The activation kinetics of Ih and Ih,slow were different

A, a representative example of the kinetic analysis of Ih. Current records were approximated with a single or the sum of two exponential functions. The digital subtraction of the current records and exponential functions are shown below the three superimposed current records. For each of these current records the residuals from a single exponential (upper trace) or from the sum of two exponential functions (lower trace) are illustrated (ΔV indicates the amplitude of the voltage commands). Note that for each current record the sum of two exponential functions produced a closer approximation. B, an example of similar analyses for a representative example of Ih,slow. For this current the sum of two exponential functions also best approximated the current records. Note, however, that the approximation was not as good for the current of largest amplitude (ΔV= 55 mV).
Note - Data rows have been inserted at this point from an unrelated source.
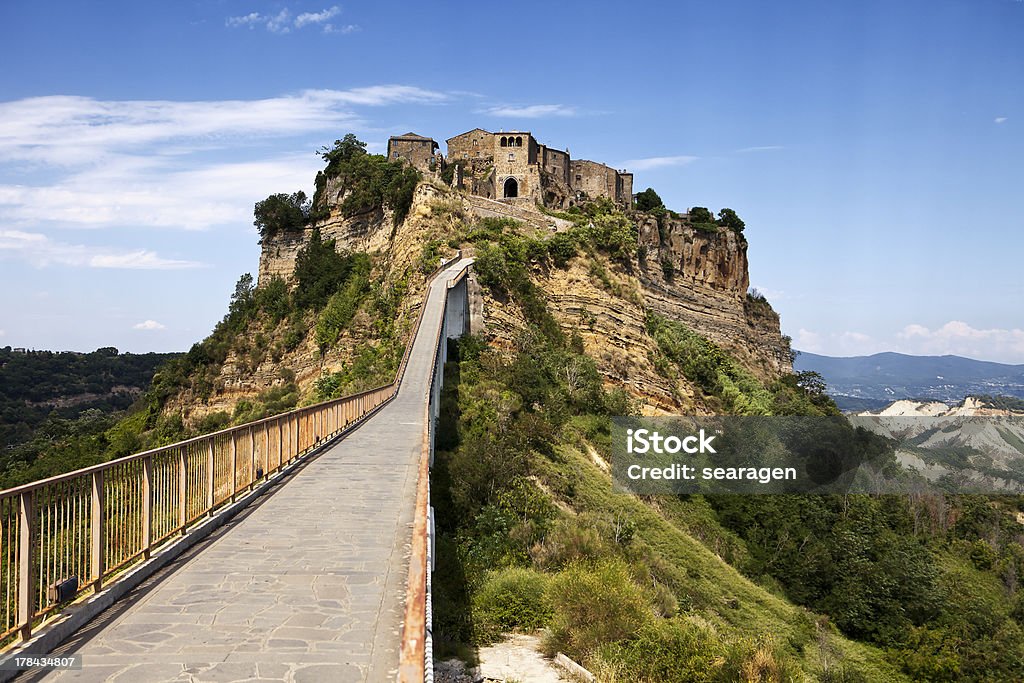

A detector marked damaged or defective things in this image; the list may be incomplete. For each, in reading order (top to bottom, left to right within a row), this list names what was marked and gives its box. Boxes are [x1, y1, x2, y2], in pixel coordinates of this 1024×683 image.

rusty metal railing [0, 250, 464, 648] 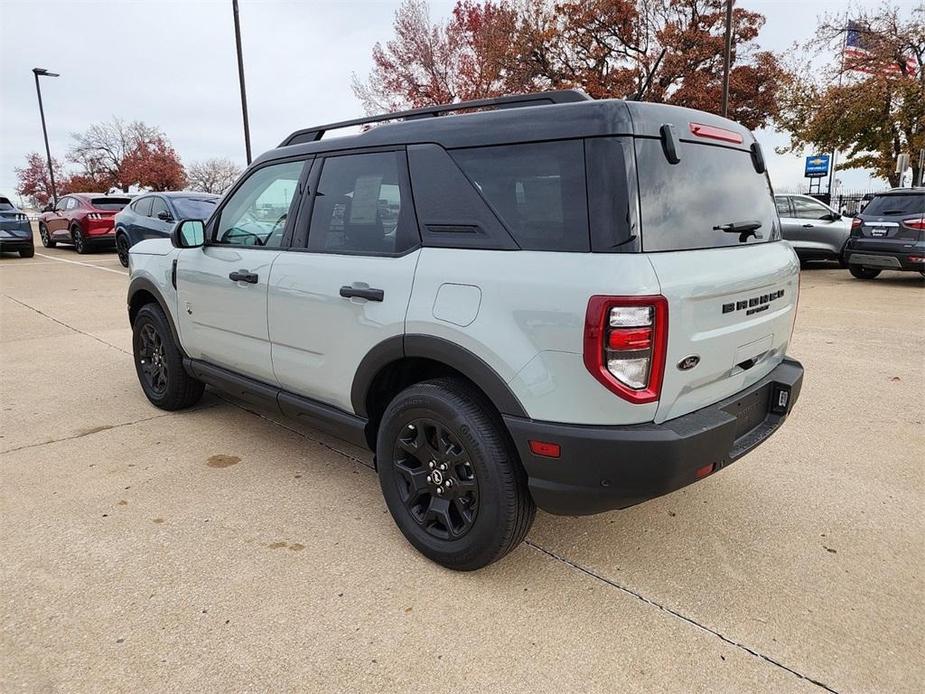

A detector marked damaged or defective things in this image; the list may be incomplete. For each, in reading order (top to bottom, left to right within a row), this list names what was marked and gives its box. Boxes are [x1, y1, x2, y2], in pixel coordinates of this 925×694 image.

crack in concrete [528, 544, 836, 694] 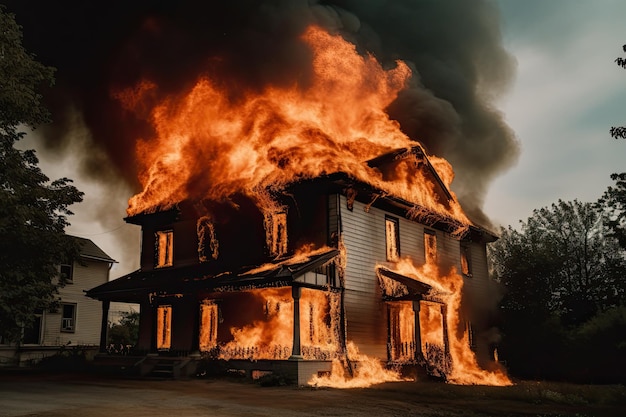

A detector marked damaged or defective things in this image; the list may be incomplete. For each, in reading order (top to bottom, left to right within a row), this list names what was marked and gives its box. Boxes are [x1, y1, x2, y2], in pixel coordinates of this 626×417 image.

fire damage [86, 147, 508, 386] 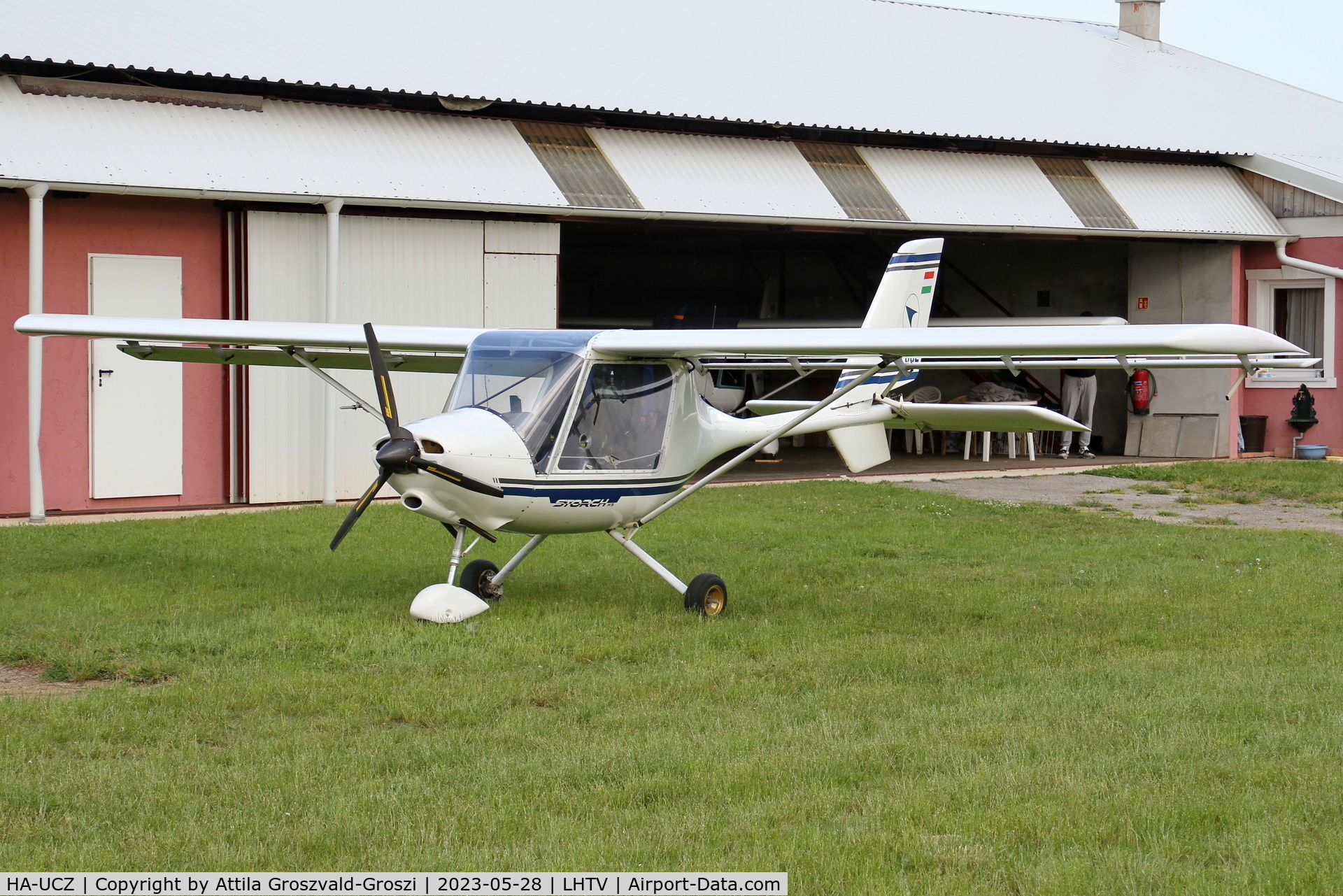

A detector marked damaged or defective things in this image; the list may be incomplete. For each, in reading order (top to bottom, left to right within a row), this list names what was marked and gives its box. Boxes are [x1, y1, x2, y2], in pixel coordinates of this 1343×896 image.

C, the time constants of the exponential functions used to approximate Ih are plotted against membrane potential. The time constants of the two exponential functions (τslow and τfast) and the time constant of the single exponential function (τ), are illustrated from left to right, respectively. Note, that the values of t and τslow are not uniform functions of membrane potential, as relatively slow terms are apparent at very negative membrane potentials. D, the time constants of the exponential functions used to approximate Ih,slow are plotted against membrane potential. The time constants τ and τh,slow for Ih,slow are related to membrane potential. These time constants were slower at potentials where the current was first activated and relatively faster at more negative membrane potentials. No obvious relationship between τfast and membrane potential, however, was apparent.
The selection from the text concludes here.